David Lester Laut (December 21, 1956 – August 27, 2009) was an American shot putter. He was born in Findlay, Ohio, and grew up in Oxnard, California. Laut attended Art Haycox Elementary School, E. O. Green Junior High School, Santa Clara High School, Moorpark College (all in Ventura County), along with San Jose City College and UCLA, where he was a two-time NCAA champion and ranked No. 1 shot putter in the United States.

Laut was shot and killed at his home, and several years later his wife was convicted for the crime.

Career 
Laut won the bronze medal at the 1984 Summer Olympics in Los Angeles.
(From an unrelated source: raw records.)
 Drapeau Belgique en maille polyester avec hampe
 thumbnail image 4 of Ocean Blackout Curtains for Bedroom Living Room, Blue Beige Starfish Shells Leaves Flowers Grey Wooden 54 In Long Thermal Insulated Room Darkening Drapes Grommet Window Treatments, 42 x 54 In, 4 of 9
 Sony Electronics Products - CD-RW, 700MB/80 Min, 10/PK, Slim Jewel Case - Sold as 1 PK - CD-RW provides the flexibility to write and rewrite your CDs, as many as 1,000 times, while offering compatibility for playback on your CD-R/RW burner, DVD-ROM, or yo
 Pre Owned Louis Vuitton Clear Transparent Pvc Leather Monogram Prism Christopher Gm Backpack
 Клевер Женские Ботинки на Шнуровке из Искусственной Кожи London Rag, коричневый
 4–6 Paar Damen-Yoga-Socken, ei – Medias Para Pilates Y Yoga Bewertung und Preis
He also won the gold medal at the 1979 Pan American Games and the bronze at the 1981 IAAF World Cup.  He was the 1979, 1981, 1983 and 1985 United States champion in the shot put.

His personal best throw was 22.02 meters, achieved in August 1982 in Koblenz. In 1985, Laut was ranked No. 7 shot putter in the world and as the No. 1 American.

Laut tore tendons in both knees during an agility test to become a firefighter. He attempted to join the 1988 U.S. Olympic team, but fell short at the Olympic trials.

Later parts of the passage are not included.